ABOUT THIS TASK >>
Repeat precisely the line in which "To Let 2 Bedroom" occurs and all lines that follow it in the entries below. Pictures must be omitted.

Brief descriptive captions
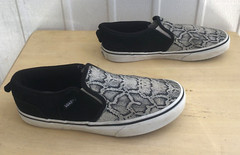 Vans Classic Snake Skin Canvas Suede Black & White Slip on Shoes Size 5.5 Missy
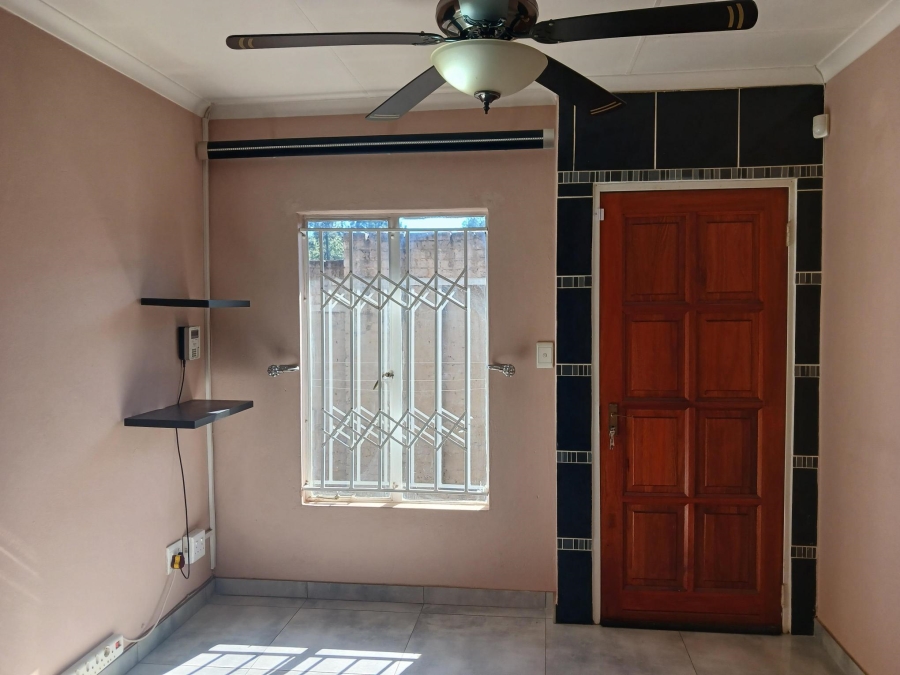 To Let 2 Bedroom Property for Rent in Bloubosrand Gauteng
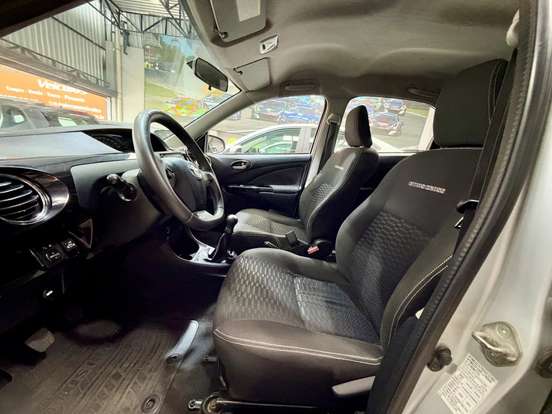 TOYOTA-ETIOS CROSS-2014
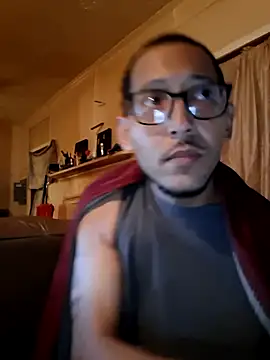 Snapshot of ThrowedWorldWide chatting on December 2025 02:43:02 AM ThrowedWorldWide online show from December 2025 02:43:02 AM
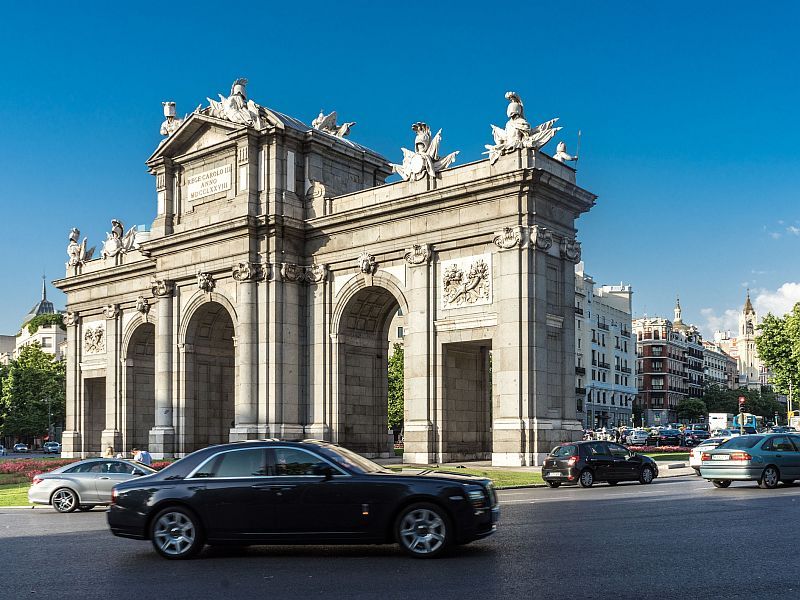Puerta de Alcalá - niegdyś wschodnia brama miasta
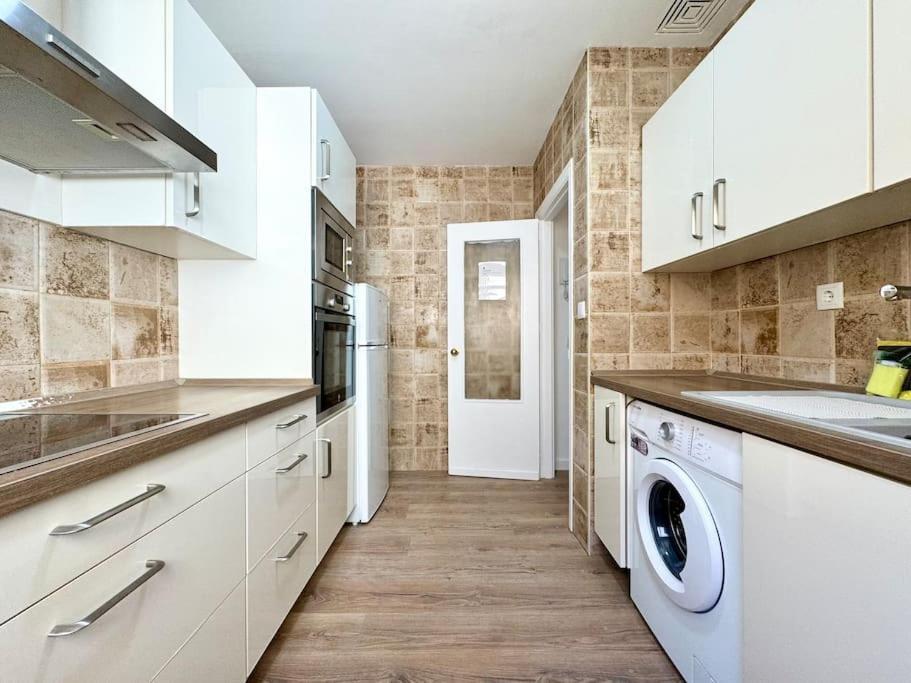 Spacious 3Bd Central Malaga With 2Bh & Ac Buitenkant foto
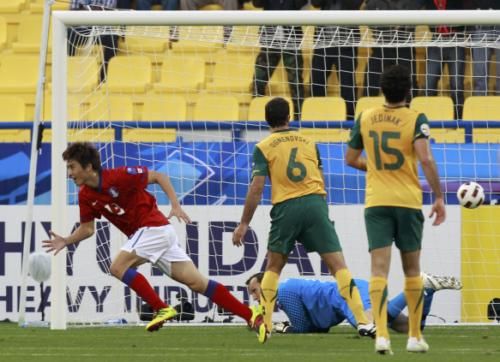 2011-01-142011-01-14t135045z_01_ac208_rtridsp_3_soccer-asian_reuters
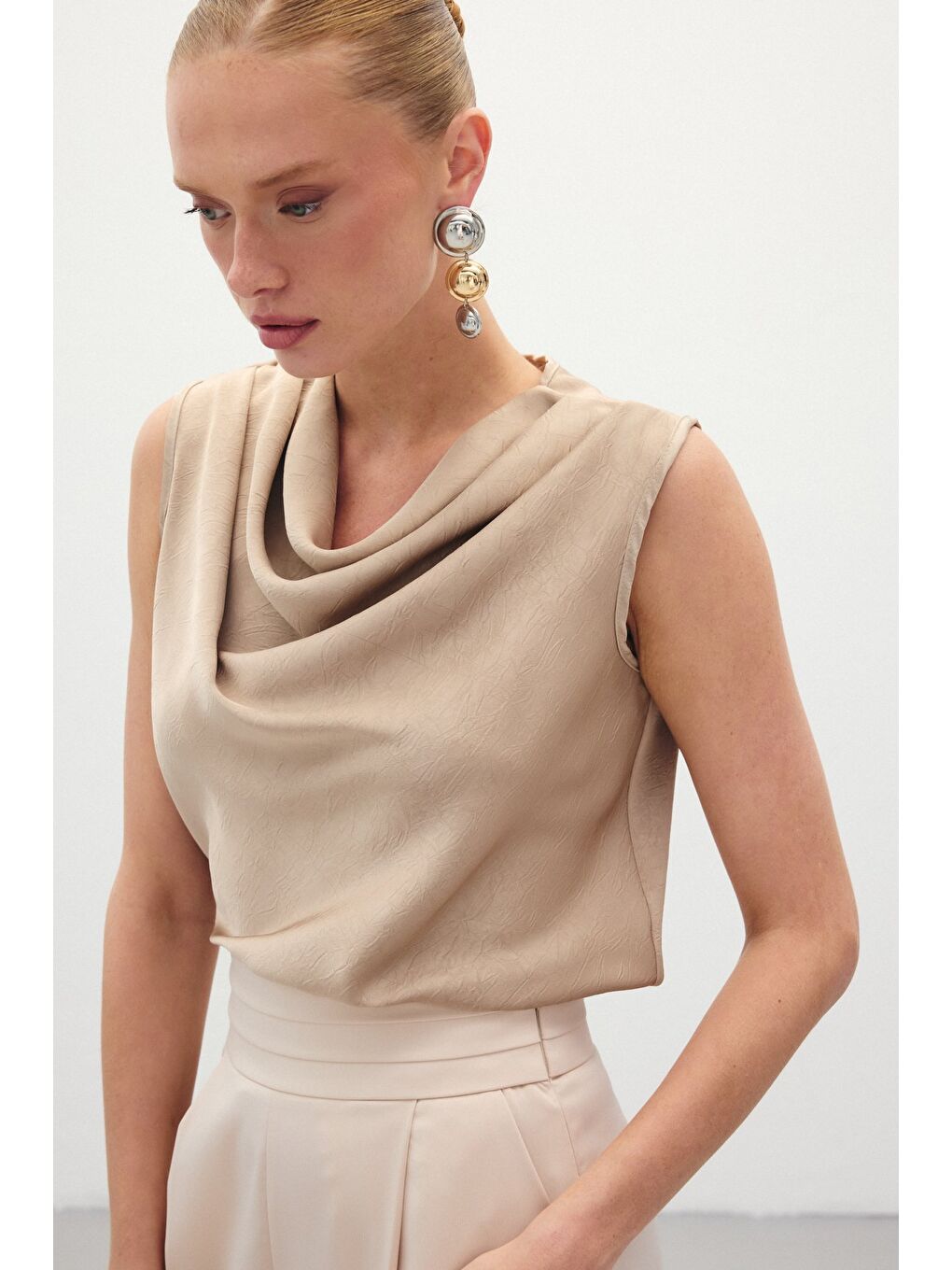 Bej Degaje Yaka Saten Bluz - Vizon-2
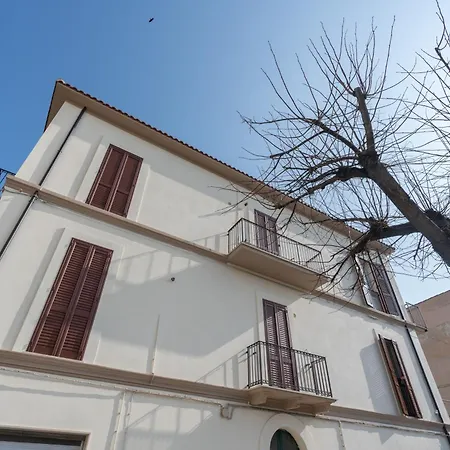 アパート Piazza Verdi Sp Roseto New ロゼート・デッリ・アブルッツィ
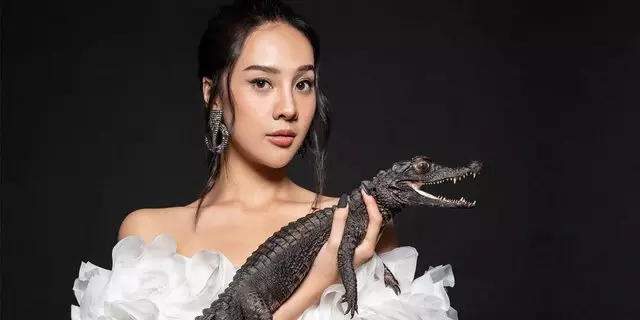 pemotretan anya dengan buaya © Instagram pemotretan anya dengan buaya © Instagram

ANSWER SECTION >>
 To Let 2 Bedroom Property for Rent in Bloubosrand Gauteng
 TOYOTA-ETIOS CROSS-2014
 Snapshot of ThrowedWorldWide chatting on December 2025 02:43:02 AM ThrowedWorldWide online show from December 2025 02:43:02 AM
Puerta de Alcalá - niegdyś wschodnia brama miasta
 Spacious 3Bd Central Malaga With 2Bh & Ac Buitenkant foto
 2011-01-142011-01-14t135045z_01_ac208_rtridsp_3_soccer-asian_reuters
 Bej Degaje Yaka Saten Bluz - Vizon-2
 アパート Piazza Verdi Sp Roseto New ロゼート・デッリ・アブルッツィ
 pemotretan anya dengan buaya © Instagram pemotretan anya dengan buaya © Instagram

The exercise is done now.